序文の最後らへんに出てくるラカンの引用がどうにも分からない。具体的には「他者への欲望」という概念を建築へとスライドさせている箇所が。

「主体」は自己へとアクセスする際に「他者」が語る自己を経由する必要がある。これは鏡像段階における「主体」形成の名残とも言うことができるだろう。つまり「主体」と「他者」の差異を比喩的に「鏡」とし、自己が「他者」という「鏡」を経由して統一的な「主体」となっていくプロセスがそれである。そして名残として存在する「他者」を経由した自己認識のプロセスにおいて、「鏡」としての「他者」へと「主体」が自己の不安や恐怖を投影するのである。おそらくこの「他者」の位置に建築を立たせ、「主体」が投げかける不安や恐怖症といった文脈のうちに、逆に「鏡」として浮き上がる諸対象に焦点を当ててみようという意図なのだろう。事実ヴィドラー自身も「主体から客体へと強調点をシフトさせた」という旨を記している。

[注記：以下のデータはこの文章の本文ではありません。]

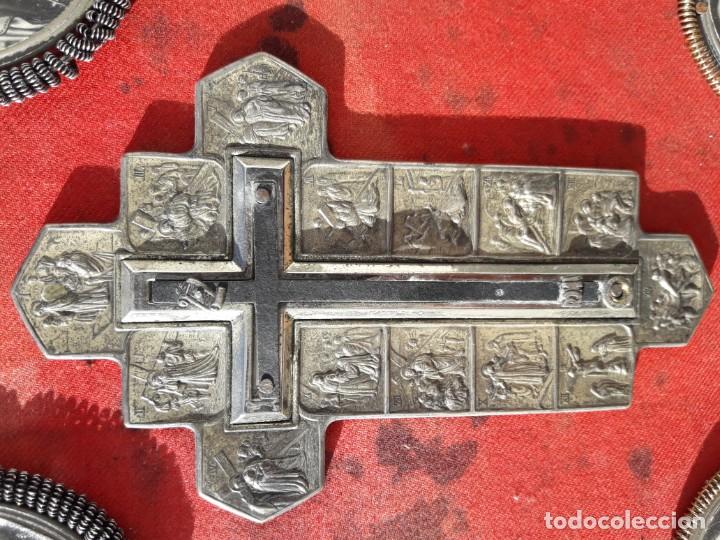 Antig&uuml;edades: Relicarios 6 con cruz - Foto 8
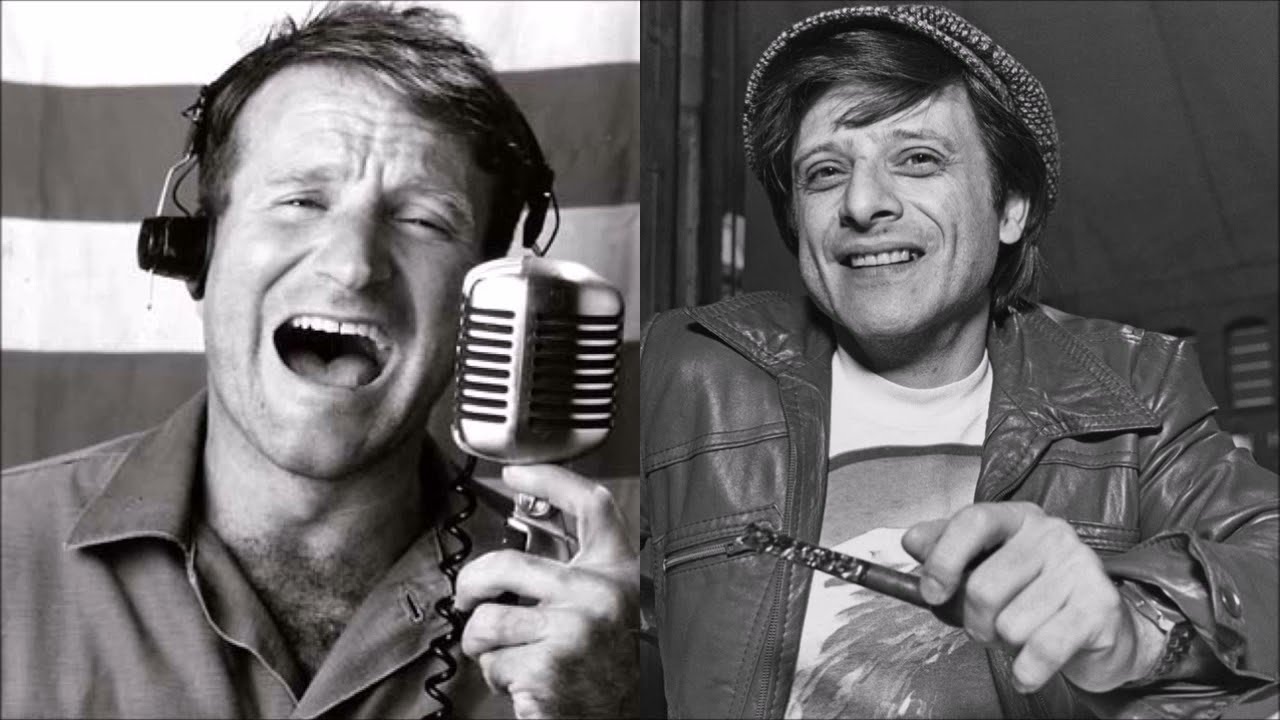 Robin Williams, Harlan Ellison podcast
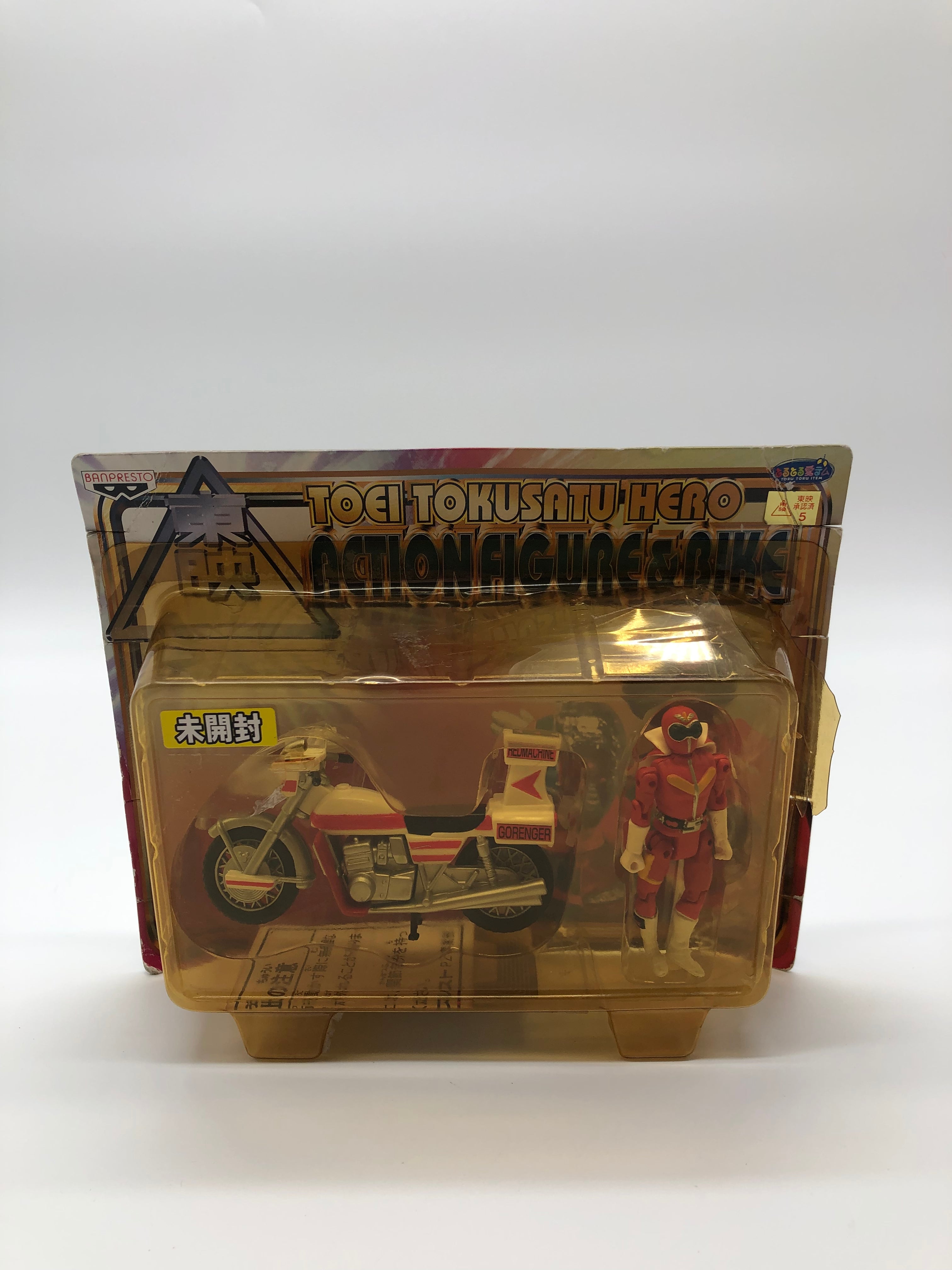 Tokusatsu Hero Red Ranger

ただこれが「他者への欲望」となるとどういう意味になるのかが分からない。「『他者』が語る」と上のほうで書いたがこれは建築へのスライドにおいて捨象したほうがいいのかも知れない。つまりラカンの文脈において視覚的な点で自己を獲得するのみならず、聴覚的に「他者」が自己のことを語ることによって生まれる「主体」を「鏡」とすることも含意されていると思う。単純な「主体」対「他者としての建築」という構図でとらえた際にこの「語る」「他者」を見出すことが困難である。もちろん発話のみを指すのではなく脳内での言語化作業までも「語る」という言い方でカヴァーしているのだろうが・・・。あるいは論者によって言説化される建築が「他者」となる、とか。それならば「欲望の欲望」(コジェーヴ)になるのではないか。

ううむ、どうにもムズムズするのでしっかり読んでおこうと思う。